_What this task involves_
Below are the records; repeat them in full, exactly.

_Information_
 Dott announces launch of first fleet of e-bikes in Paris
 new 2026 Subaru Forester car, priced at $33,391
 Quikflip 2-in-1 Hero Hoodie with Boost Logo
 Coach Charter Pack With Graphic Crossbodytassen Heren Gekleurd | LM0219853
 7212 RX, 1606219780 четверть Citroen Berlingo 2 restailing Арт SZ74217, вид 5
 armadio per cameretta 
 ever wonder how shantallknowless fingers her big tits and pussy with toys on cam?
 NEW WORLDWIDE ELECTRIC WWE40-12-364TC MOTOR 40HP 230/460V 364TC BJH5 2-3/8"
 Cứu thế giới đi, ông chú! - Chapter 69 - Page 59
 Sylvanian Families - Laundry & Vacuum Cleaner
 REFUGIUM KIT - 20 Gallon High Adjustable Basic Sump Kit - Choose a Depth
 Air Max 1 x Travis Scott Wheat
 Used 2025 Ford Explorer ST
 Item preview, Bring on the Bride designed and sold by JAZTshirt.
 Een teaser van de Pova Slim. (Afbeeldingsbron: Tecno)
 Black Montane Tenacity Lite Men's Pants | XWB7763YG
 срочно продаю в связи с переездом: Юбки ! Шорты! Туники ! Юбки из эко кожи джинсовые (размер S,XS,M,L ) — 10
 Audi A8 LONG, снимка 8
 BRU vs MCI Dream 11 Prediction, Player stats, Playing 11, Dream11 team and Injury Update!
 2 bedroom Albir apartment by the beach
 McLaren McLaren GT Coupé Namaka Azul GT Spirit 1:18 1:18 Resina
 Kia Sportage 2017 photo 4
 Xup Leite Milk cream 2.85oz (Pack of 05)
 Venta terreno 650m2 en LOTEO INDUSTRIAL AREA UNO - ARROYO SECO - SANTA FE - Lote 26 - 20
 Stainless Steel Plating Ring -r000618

_Your solution_
 Dott announces launch of first fleet of e-bikes in Paris
 new 2026 Subaru Forester car, priced at $33,391
 Quikflip 2-in-1 Hero Hoodie with Boost Logo
 Coach Charter Pack With Graphic Crossbodytassen Heren Gekleurd | LM0219853
 7212 RX, 1606219780 четверть Citroen Berlingo 2 restailing Арт SZ74217, вид 5
 armadio per cameretta 
 ever wonder how shantallknowless fingers her big tits and pussy with toys on cam?
 NEW WORLDWIDE ELECTRIC WWE40-12-364TC MOTOR 40HP 230/460V 364TC BJH5 2-3/8"
 Cứu thế giới đi, ông chú! - Chapter 69 - Page 59
 Sylvanian Families - Laundry & Vacuum Cleaner
 REFUGIUM KIT - 20 Gallon High Adjustable Basic Sump Kit - Choose a Depth
 Air Max 1 x Travis Scott Wheat
 Used 2025 Ford Explorer ST
 Item preview, Bring on the Bride designed and sold by JAZTshirt.
 Een teaser van de Pova Slim. (Afbeeldingsbron: Tecno)
 Black Montane Tenacity Lite Men's Pants | XWB7763YG
 срочно продаю в связи с переездом: Юбки ! Шорты! Туники ! Юбки из эко кожи джинсовые (размер S,XS,M,L ) — 10
 Audi A8 LONG, снимка 8
 BRU vs MCI Dream 11 Prediction, Player stats, Playing 11, Dream11 team and Injury Update!
 2 bedroom Albir apartment by the beach
 McLaren McLaren GT Coupé Namaka Azul GT Spirit 1:18 1:18 Resina
 Kia Sportage 2017 photo 4
 Xup Leite Milk cream 2.85oz (Pack of 05)
 Venta terreno 650m2 en LOTEO INDUSTRIAL AREA UNO - ARROYO SECO - SANTA FE - Lote 26 - 20
 Stainless Steel Plating Ring -r000618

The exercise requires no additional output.